» **What the task asks**: When the listing below reaches the line that has "330 Emery Dr E, Stamford, CT 06902", start reproducing exactly; stop after the line that has "Vancouver Canucks - Fin Dancing", and drop the pictures.

» **Records shown**:
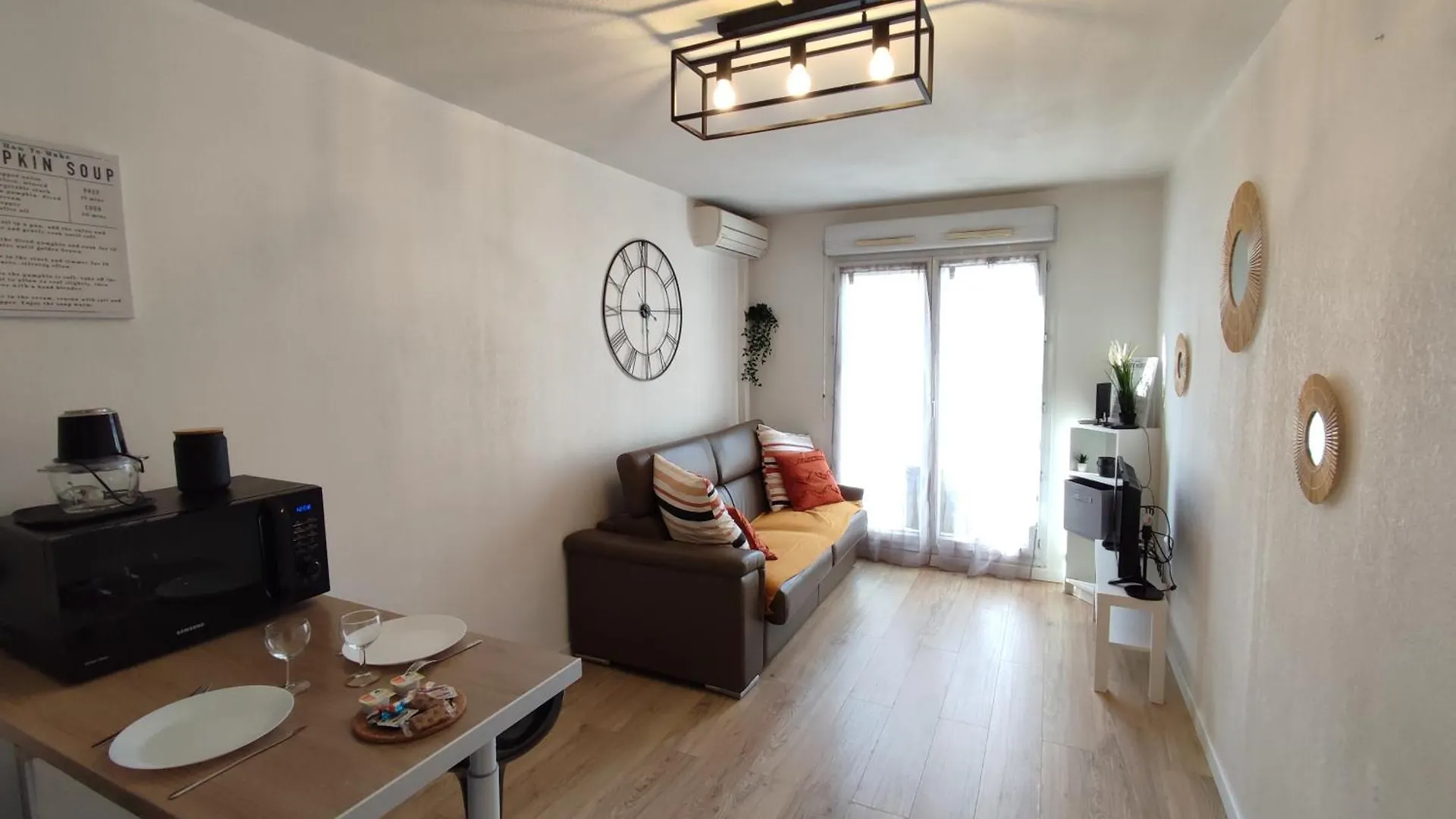 Apartamento Appartement Climatise Avec Parking A 6Min A Pied De La Gare St Charles Marsella Francia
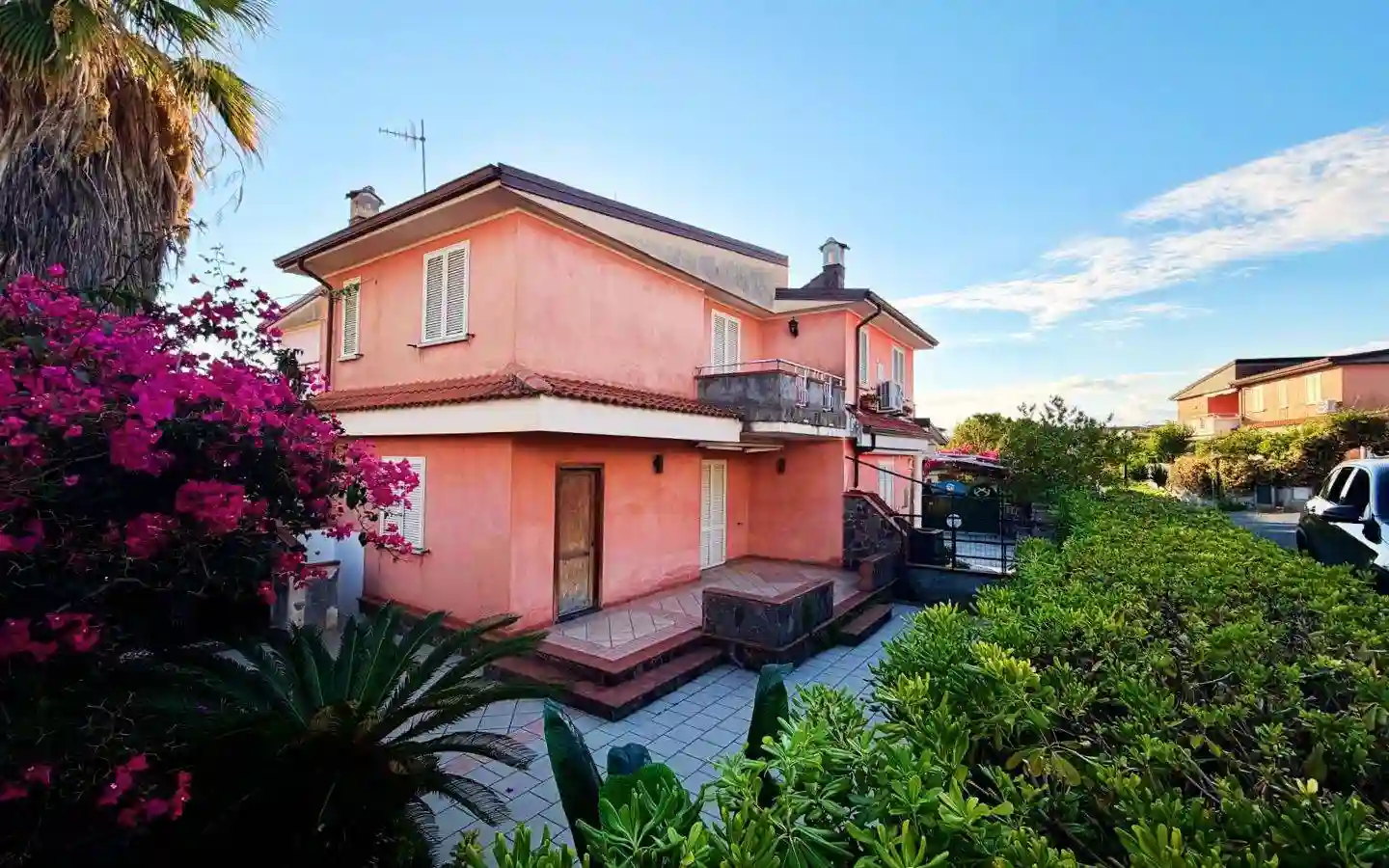 Villa - foto 2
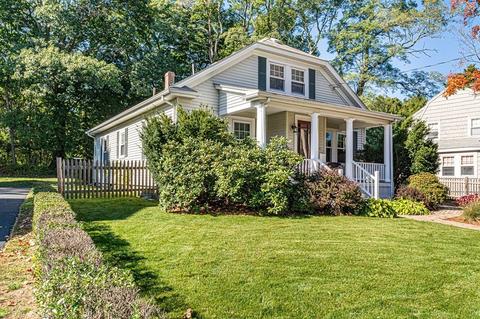 71 Vine St, Reading, MA 01867 photo 1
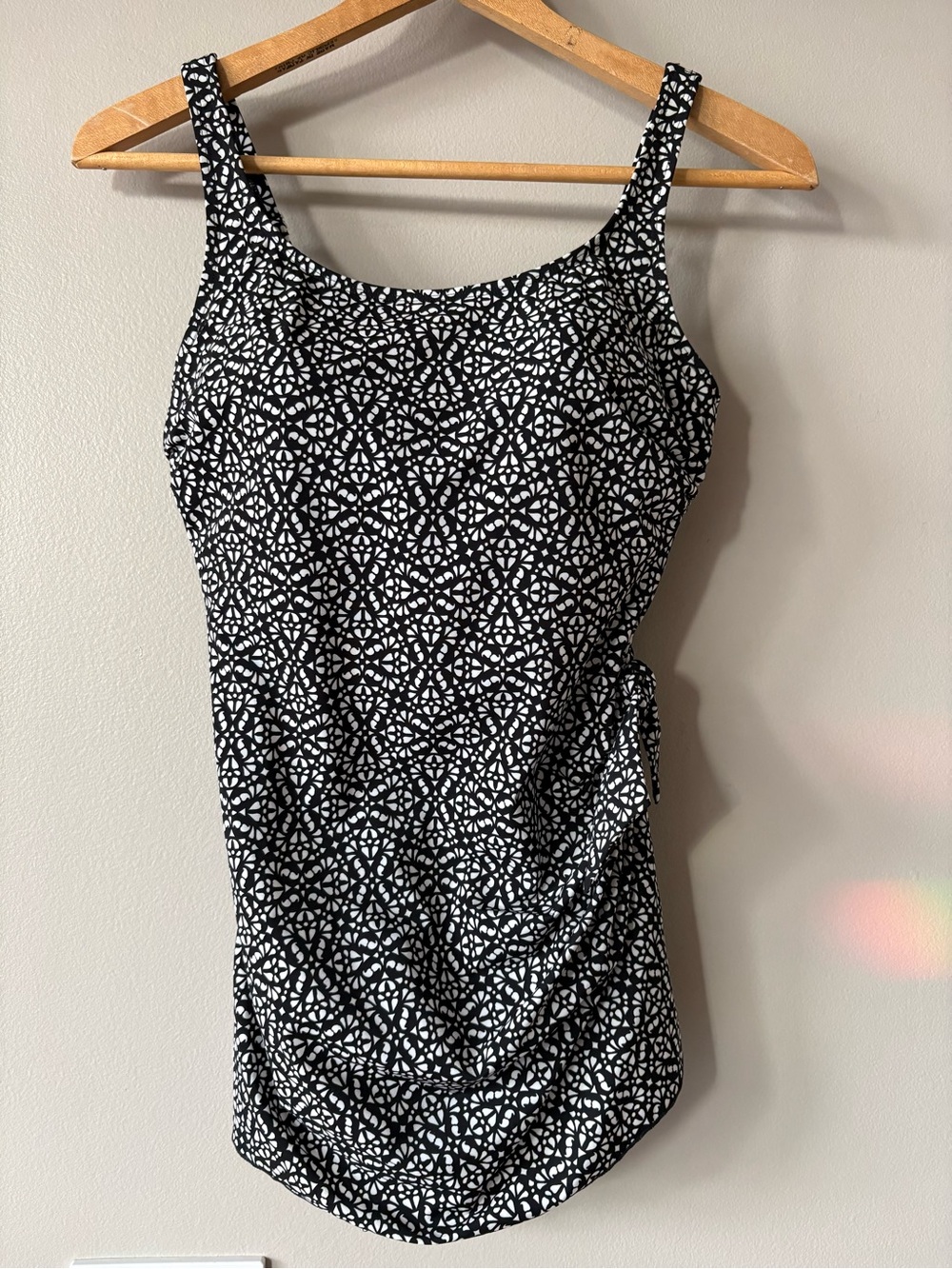 LL Bean Women's  Swimsuit Size 12 Black White Modest Feminine Underwire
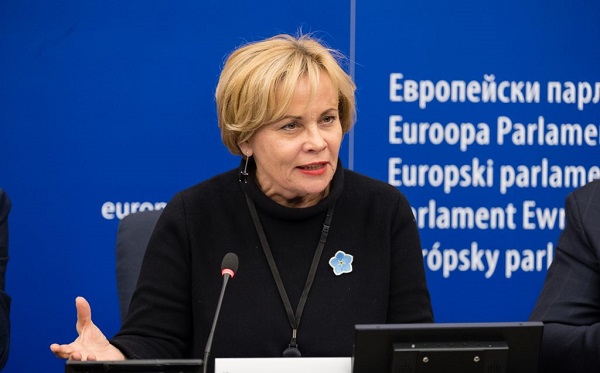 ქართული ოცნების რეჟიმი სასოწარკვეთისგან უკონტროლოდ იქცევა, ყველა, ვისაც ყალბი ბრალდებები აქვს წაყენებული, არის არა მხოლოდ საქართველოს, არამედ მთელი ევროპის გმირი - რასა იუკნევიჩიენე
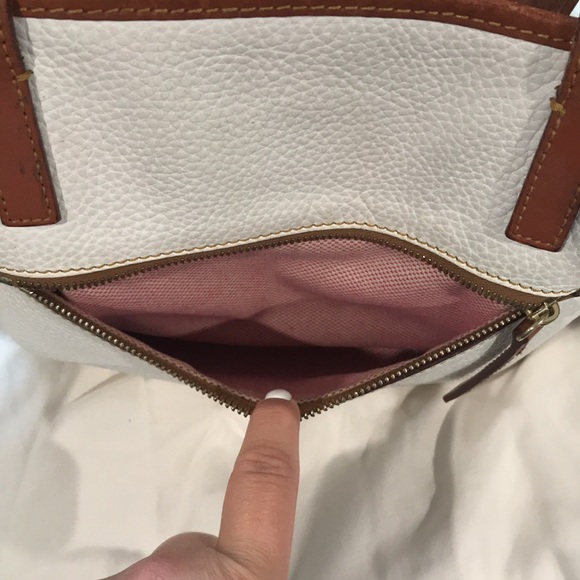 Dooney & Bourke Shoulder Purse - Picture 5 of 6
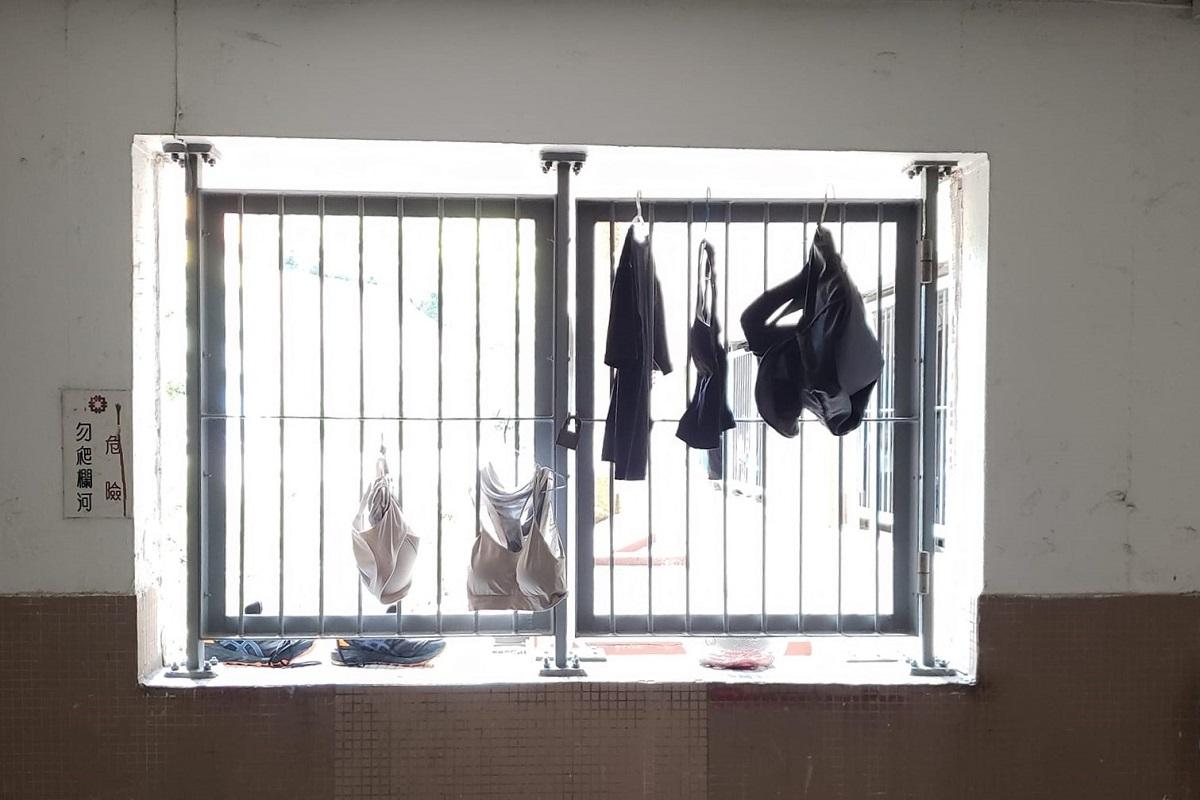 有屋邨街坊發現鄰居把胸圍、底褲等在走廊晾曬，直言一出𨋢俾佢嚇到。(FB群組「樂華邨」)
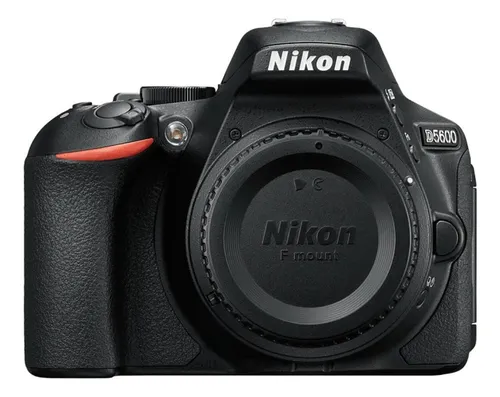 Nikon Kit D5600 + lente 18-140mm VR DSLR color negro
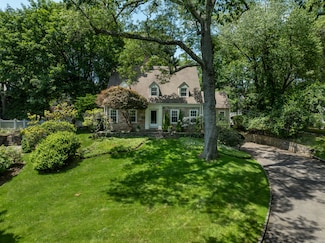 330 Emery Dr E, Stamford, CT 06902
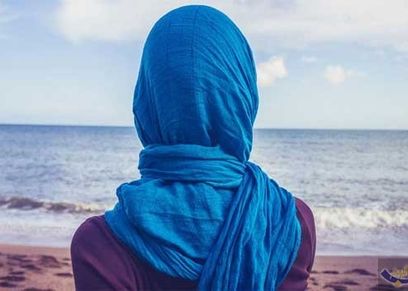 الإفتاء توضح حكم خلع المرأة للحجاب إذا تعرضت للأذى والاعتداء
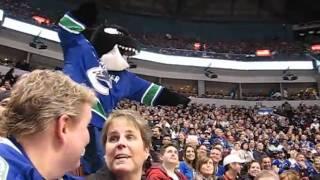 Vancouver Canucks - Fin Dancing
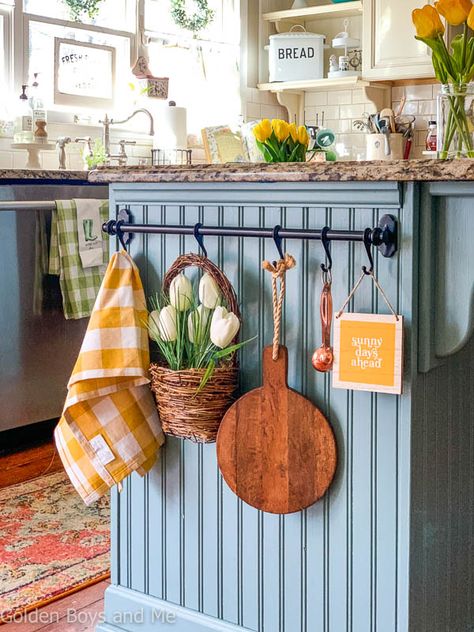 Fintorp Ikea, Country Decorations, Alaska Cabin, Kitchen Rehab, Cottage Style Kitchen, Country Kitchens, Farmhouse Kitchens, Kitchen Island Decor, Island Decor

» **Response area**:
 330 Emery Dr E, Stamford, CT 06902
 الإفتاء توضح حكم خلع المرأة للحجاب إذا تعرضت للأذى والاعتداء
 Vancouver Canucks - Fin Dancing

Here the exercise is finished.